Quote Originally Posted by Darkmoonrise View Post
oh yeah sure. The idea is, as you said, a listing fee. How it is implemented doesn't matter. As long as changing the price cost something, the idea is here.

But I think only one "tax" is suffisent. So I would say, fix listing fee of 5% is a good deal.

More if you put a biiig fee (like 20+%) we'll see some chat market emerging to prevent to pay this big fee. I know this will never append because it goes against the "mainstreaming, less player interaction possible" way that SE is currently following. But this will prevent botting like crazy.
The reason the market tax is variable is to get players to move their retainers around to reduce strain on whatever system stores the market data (evidently one of those 1.0 holdovers). If every city had the same fixed fee, there would be no reason to move a retainer once "hired". 90% of retainers would end up in Ul'dah since that's the closest city when retainers get unlocked in the MSQ.
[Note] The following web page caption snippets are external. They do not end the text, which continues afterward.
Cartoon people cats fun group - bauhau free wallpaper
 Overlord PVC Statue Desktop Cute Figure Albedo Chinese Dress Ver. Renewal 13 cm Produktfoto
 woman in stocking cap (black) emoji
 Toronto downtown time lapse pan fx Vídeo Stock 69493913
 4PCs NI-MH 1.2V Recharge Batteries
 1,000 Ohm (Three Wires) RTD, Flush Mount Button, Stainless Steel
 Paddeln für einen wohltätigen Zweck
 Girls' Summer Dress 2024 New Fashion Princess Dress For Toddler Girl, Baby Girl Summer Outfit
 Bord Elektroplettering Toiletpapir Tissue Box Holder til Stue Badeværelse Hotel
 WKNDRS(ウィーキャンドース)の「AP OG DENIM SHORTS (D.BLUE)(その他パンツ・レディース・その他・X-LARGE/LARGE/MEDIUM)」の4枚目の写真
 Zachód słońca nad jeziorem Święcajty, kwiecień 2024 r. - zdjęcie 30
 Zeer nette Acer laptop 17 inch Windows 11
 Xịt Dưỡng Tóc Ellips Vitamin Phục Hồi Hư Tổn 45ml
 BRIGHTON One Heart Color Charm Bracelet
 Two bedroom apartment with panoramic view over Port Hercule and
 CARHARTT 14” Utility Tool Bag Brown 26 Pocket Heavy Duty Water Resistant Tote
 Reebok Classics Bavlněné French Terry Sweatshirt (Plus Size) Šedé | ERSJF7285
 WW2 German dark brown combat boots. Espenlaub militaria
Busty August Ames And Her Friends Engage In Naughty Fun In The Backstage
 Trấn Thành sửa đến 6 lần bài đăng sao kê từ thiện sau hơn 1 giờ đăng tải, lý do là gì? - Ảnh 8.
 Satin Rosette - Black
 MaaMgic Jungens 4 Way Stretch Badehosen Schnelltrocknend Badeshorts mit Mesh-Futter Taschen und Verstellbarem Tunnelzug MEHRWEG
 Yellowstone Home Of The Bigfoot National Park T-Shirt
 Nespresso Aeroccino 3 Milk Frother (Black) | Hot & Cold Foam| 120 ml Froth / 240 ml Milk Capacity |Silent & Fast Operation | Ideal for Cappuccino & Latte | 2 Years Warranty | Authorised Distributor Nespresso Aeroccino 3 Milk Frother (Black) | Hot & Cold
As a result, SE would still need to use a variable listing fee if the market tax were removed. Or they would need to find a way to create a truly global market system so where retainers are assigned doesn't matter (which would open the door to having all listings for an entire data center available on every world on that data center).

They won't ever increasing any market fee to as high as 20% unless who ever controls the decision has lost their mind. That would become an excessive burden to less wealthy players, especially those new to the game, while already wealthy players could shrug it off.. It would drive players away from the game. It would also make chatting about anything else other than what people are selling nearly impossible as chat channels of all types would get flooded with sale spam.

And no, a 20% fee is not going to prevent botting because it's impacting all sellers equally. All it would eliminate is the frequent undercutting. If you really want to eliminate botting, you need to heavily penalize those who are doing it to the point they're at a disadvantage compared to those who don't.